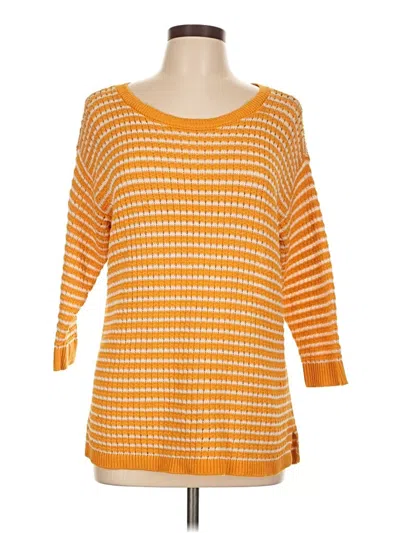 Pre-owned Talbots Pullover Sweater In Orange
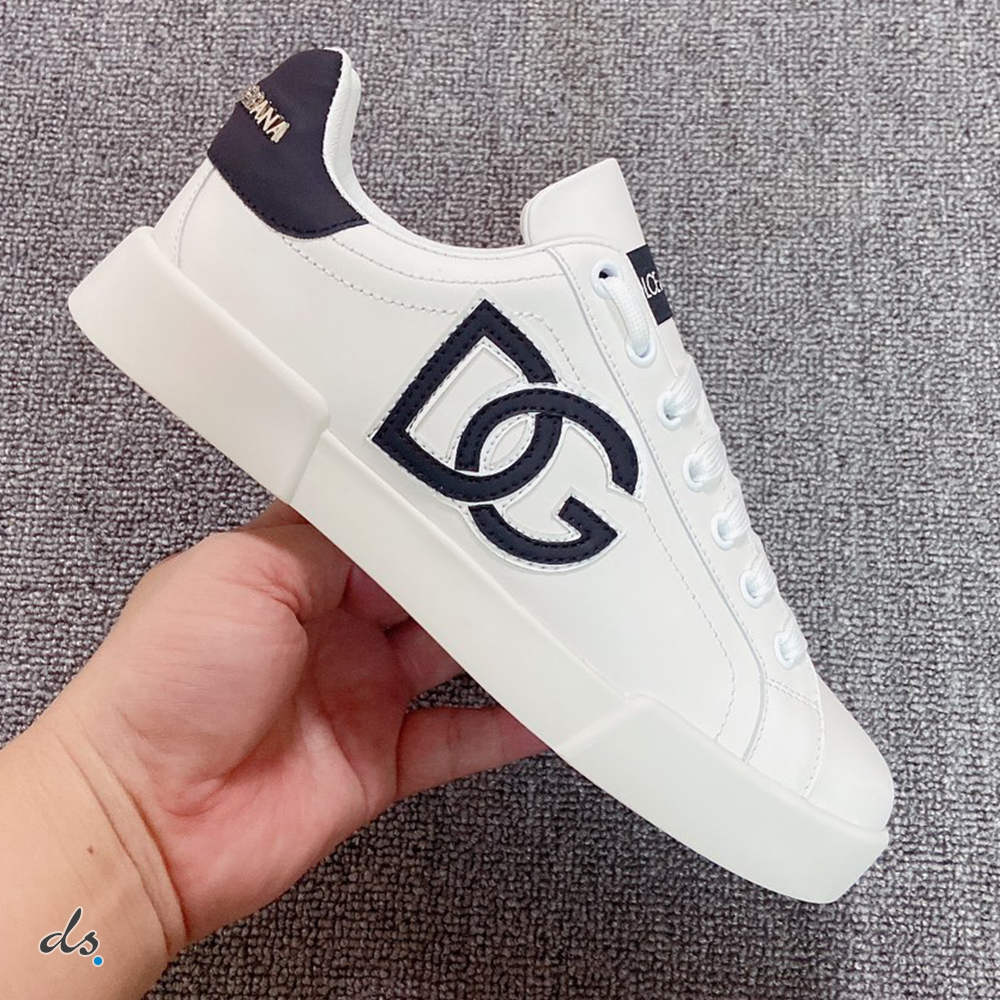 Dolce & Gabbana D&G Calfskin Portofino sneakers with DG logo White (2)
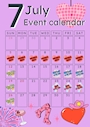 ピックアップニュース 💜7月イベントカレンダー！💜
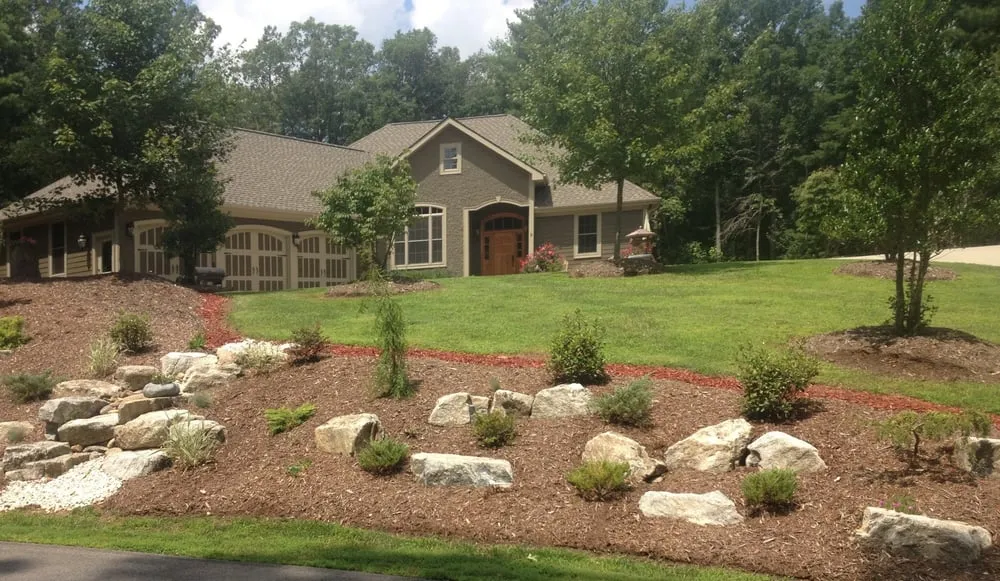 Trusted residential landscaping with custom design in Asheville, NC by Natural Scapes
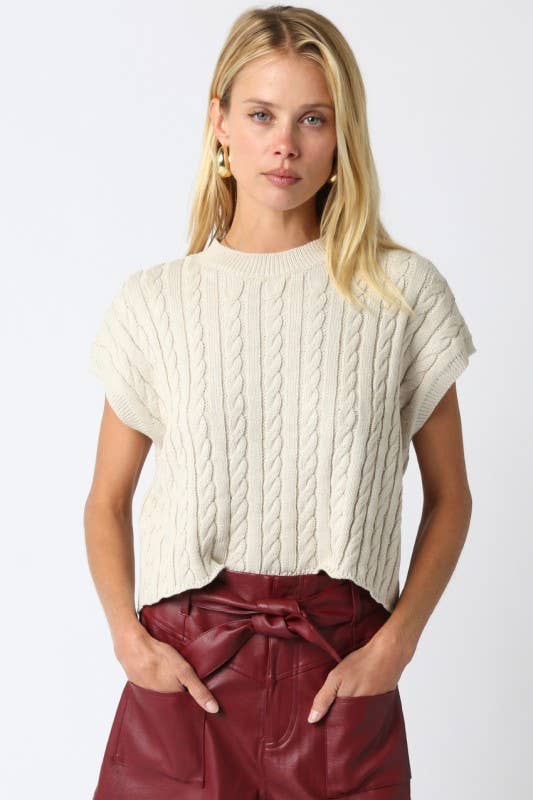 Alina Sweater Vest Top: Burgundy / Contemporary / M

------------------------

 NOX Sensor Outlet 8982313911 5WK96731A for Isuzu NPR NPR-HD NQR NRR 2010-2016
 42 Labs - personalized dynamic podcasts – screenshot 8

------------------------

## ASSIGNMENT
Reproduce exactly the lines of the data above that run from the line with "Pre-owned Talbots Pullover Sweater In Orange" down to the line with "Alina Sweater Vest", both ends included. Pictures do not belong in the copy.

## REPLY
 Pre-owned Talbots Pullover Sweater In Orange
 Dolce & Gabbana D&G Calfskin Portofino sneakers with DG logo White (2)
 ピックアップニュース 💜7月イベントカレンダー！💜
 Trusted residential landscaping with custom design in Asheville, NC by Natural Scapes
 Alina Sweater Vest Top: Burgundy / Contemporary / M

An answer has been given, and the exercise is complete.